Not that China, or Russia, or any bad actor, foreign or domestic, couldn’t hack their way into your social media anyway, but it does seem foolish to deliver it on a silver platter.

Which, by the way, might be a good reason to block and unfriend the Mildred Montags who chime in when someone asks your favorite movie or if you remember Captain Kangaroo.
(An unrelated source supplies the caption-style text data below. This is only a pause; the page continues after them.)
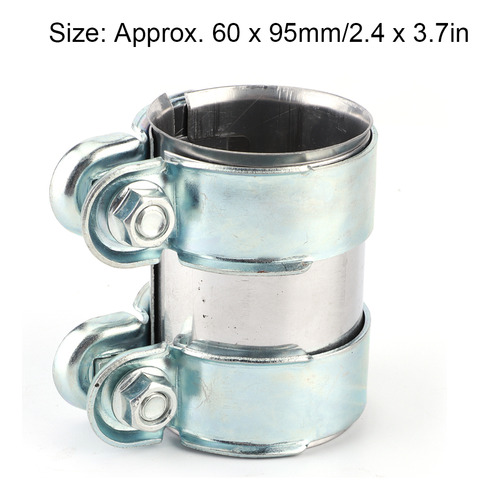 1k0253141d, Conector De Abrazadera De Tubo De Escape De 60 X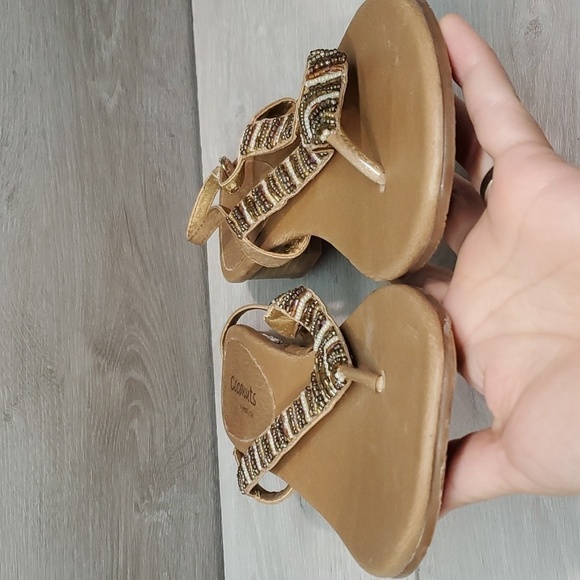 Coconuts By Matisse Marisa Women Ankle Heels Sandals Thin shoes sz 10 - Picture 5 of 12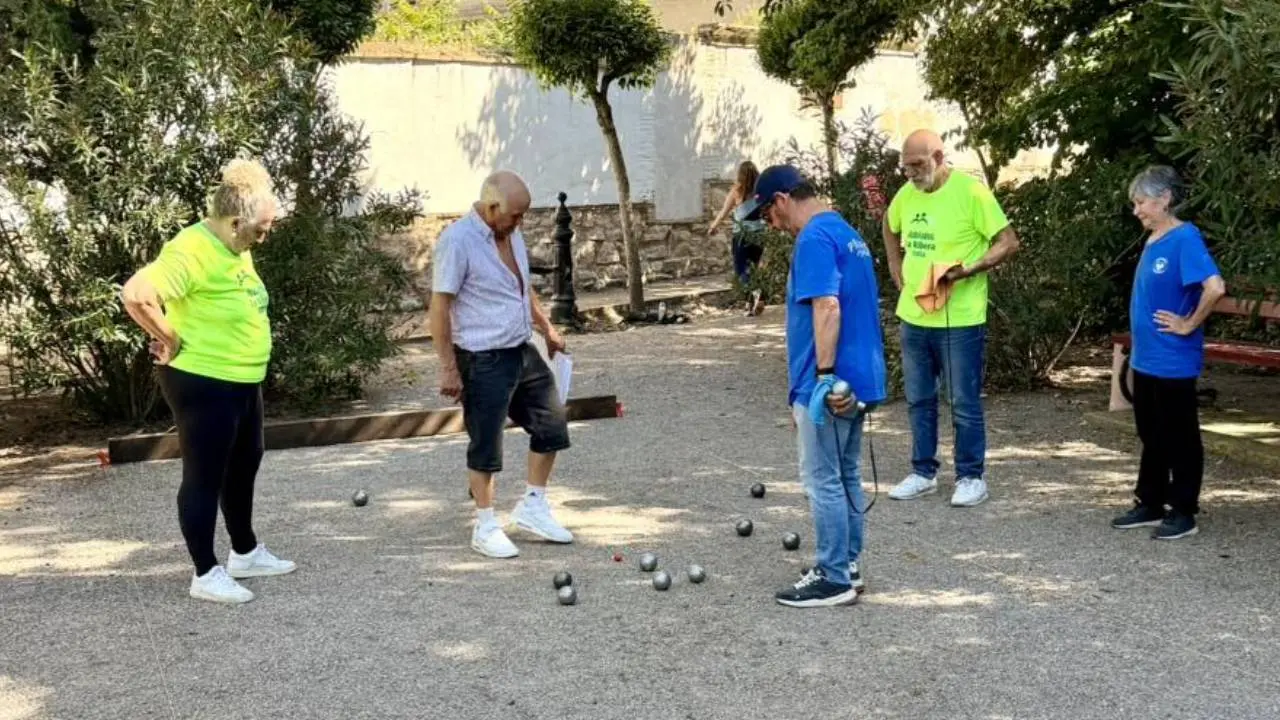 Torneo de petanca 2026 en cortes
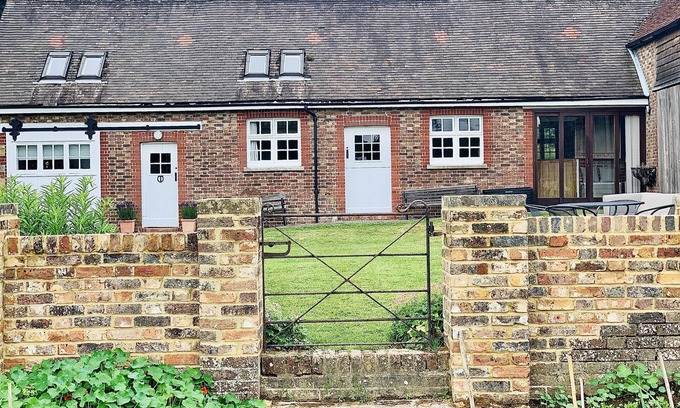 Uckfield Casa | Impresionante granero convertido ubicado en 80 acres de gloriosa campiña inglesa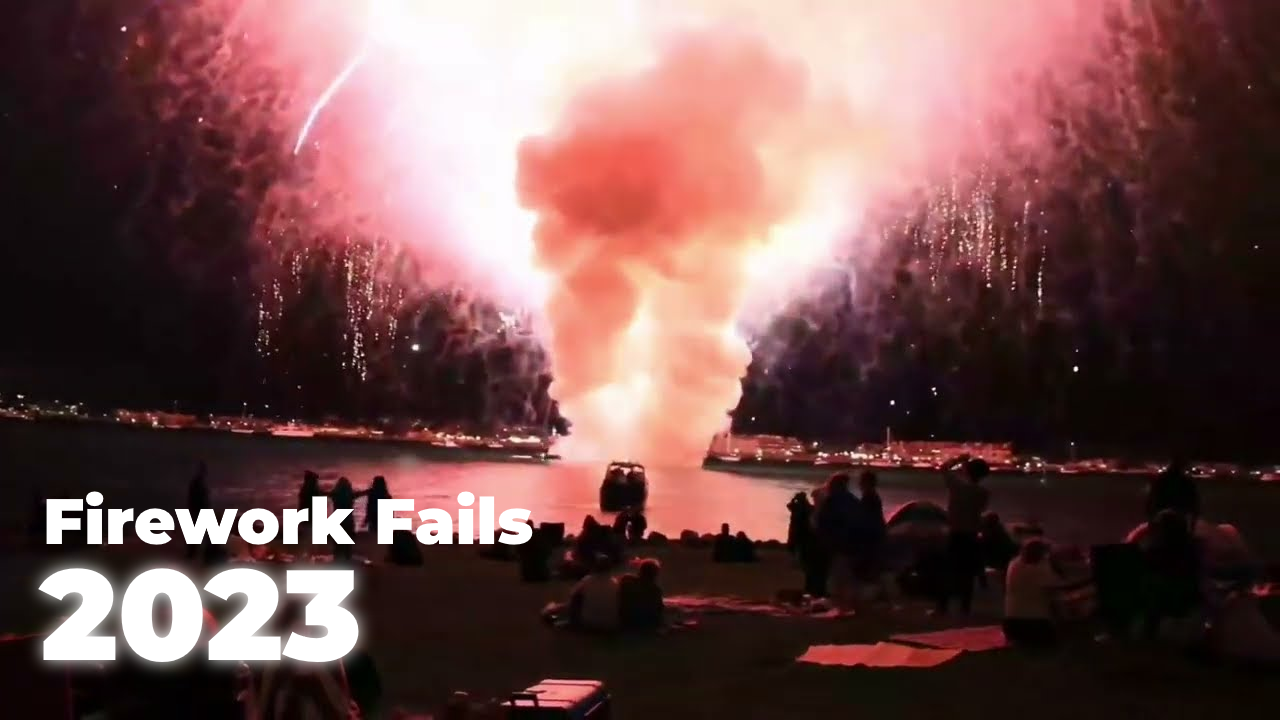 Firework Fails of 2023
They’re not just volunteering themselves for exploitation, but they may also be giving up their entire address book.

Don’t say you were hacked if you simply volunteered.


Juxtaposition of the Day #2

(Matt Davies)


(Gary Varvel — Creators)

The rightwing continues to condemn the return of Brittney Griner, with particular emphasis on her having joined other black athletes in not celebrating the national anthem before games, while her status as an African-American lesbian remains more of a subtext, though it gets said aloud from time to time.

I don’t know that there was a reason to offer Vladimir Putin a crumb of satisfaction, but Davies is correct that the poor old tyrant needed all the positives he could get, given how his glorious special military operation is unfolding.

Setting up Griner, as he did, was a ploy to free Bout before his sentence ran out anyway, though I wonder how many Russians whose sons, lovers and husbands are being drafted to die in Ukraine feel like celebrating.

For that reason, I doubt there’s as much joy in Pottsylvania as Gary Varvel suggests, but I’m impressed with his acknowledgement that Boris and Natasha came “after Elzie Segar,” given that Segar, the creator of Popeye, died in 1938, while the Rocky and Bullwinkle Show debuted in 1959.

Which is undeniably after. Can’t fault him on that.


Waiting between shows for the Sinema girl

There have been a number of cartoons spoofing Kyrsten Sinema’s self-absorbed declaration that she’s leaving the Democratic Party, but Pat Bagley wins the prize for citing her timing, just after Raphael Warnock’s much-watched victory in the Georgia special election.

You might argue that she waited to be sure the majority was established before jumping ship, but, then again, she could have held the announcement until the start of the next session. As it is, her announcement of independence reminds me of Aesop’s story of the fly who apologized to the ox for sitting on his horns and being such a burden, to which the ox answered, “Until you spoke up, I hadn’t noticed you were there.”

It’s not like her loyalty was a major factor in anyone’s planning.


While, as Adam Zyglis points out, there must surely be a few GOP congresscritters who wish they were able to slip the chains from their own necks.

But, to cite a second Aesop fable, it may not be a choice between lean freedom and fat slavery, as demonstrated in our

Juxtaposition of the Day #3

(Pedro X. Molina — Counterpoint)


(Oliver — Cartoon Arts International)

It seems, according to Fortune magazine, that Kyrsten Sinema has been the recipient of some generosity in recent months, and Molina is not the only person to suggest that it may have perhaps tilted her perspective. Their report begins …

… and doesn’t get much better for those of us who wish we could get money out of politics.

Which appears to be more the case overseas, where Qatar is accused of making “donations” to members of the EU Parliament, only the term seems to translate better as “bribes.”

Perhaps the difference is that it’s okay, as long as you play nudge-nudge-wink-wink instead of saying exactly what is expected in exchange.

Or perhaps there is no difference.


2 thoughts on “CSotD: Mixed, and mixed-up, messages

  1. I was kind of appalled about releasing Bout for a basketball player until it was pointed that he’s been out of circulation for 14 years and Russia has no surplus arms to sell anyway. Fair trade.